▸ **Required action**:
The listing is to be reproduced exactly, excluding its pictures.

▸ **Dataset section**:
########################################

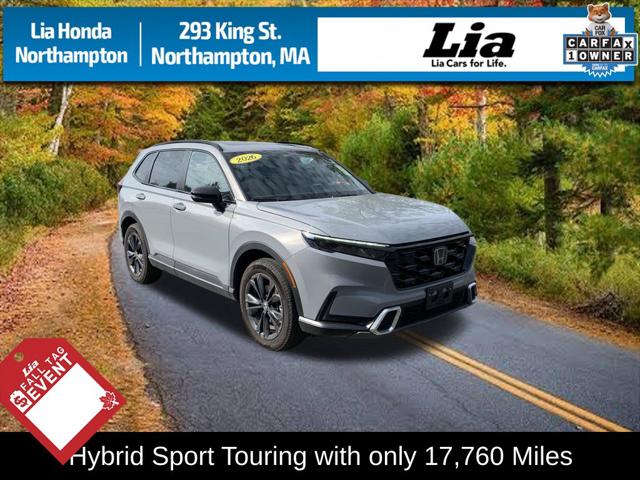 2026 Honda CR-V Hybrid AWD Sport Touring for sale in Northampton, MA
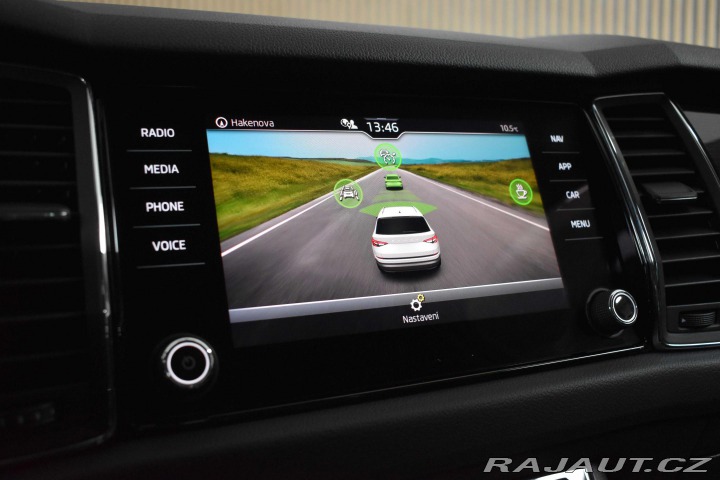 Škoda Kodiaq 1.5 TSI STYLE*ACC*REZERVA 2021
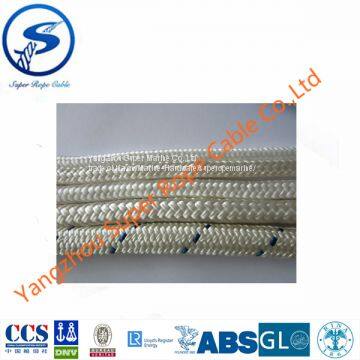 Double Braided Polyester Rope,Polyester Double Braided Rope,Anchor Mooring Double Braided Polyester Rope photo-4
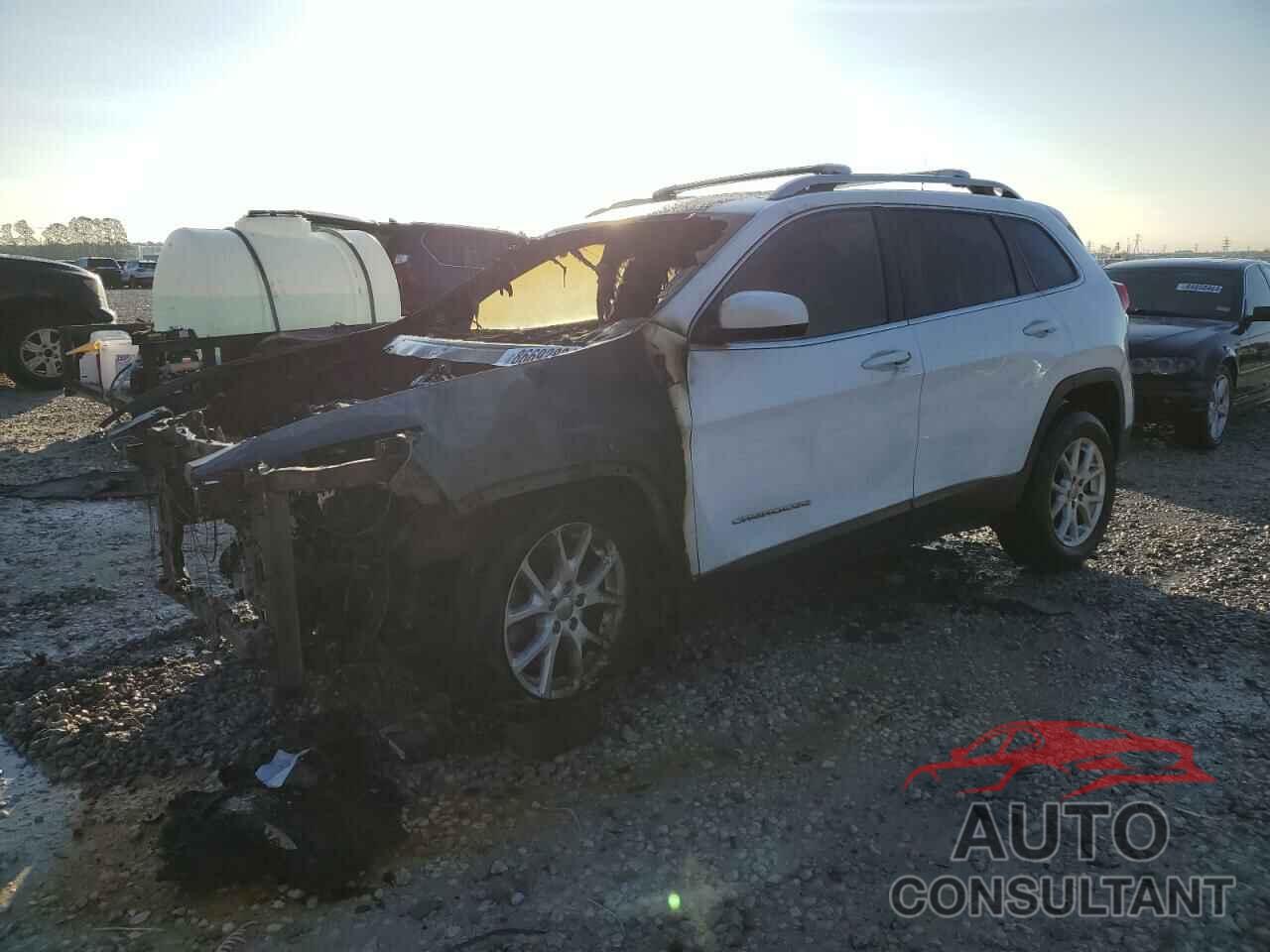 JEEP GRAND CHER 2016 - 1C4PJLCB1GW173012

########################################

▸ **Answer to this exercise**:
 2026 Honda CR-V Hybrid AWD Sport Touring for sale in Northampton, MA
 Škoda Kodiaq 1.5 TSI STYLE*ACC*REZERVA 2021
 Double Braided Polyester Rope,Polyester Double Braided Rope,Anchor Mooring Double Braided Polyester Rope photo-4
 JEEP GRAND CHER 2016 - 1C4PJLCB1GW173012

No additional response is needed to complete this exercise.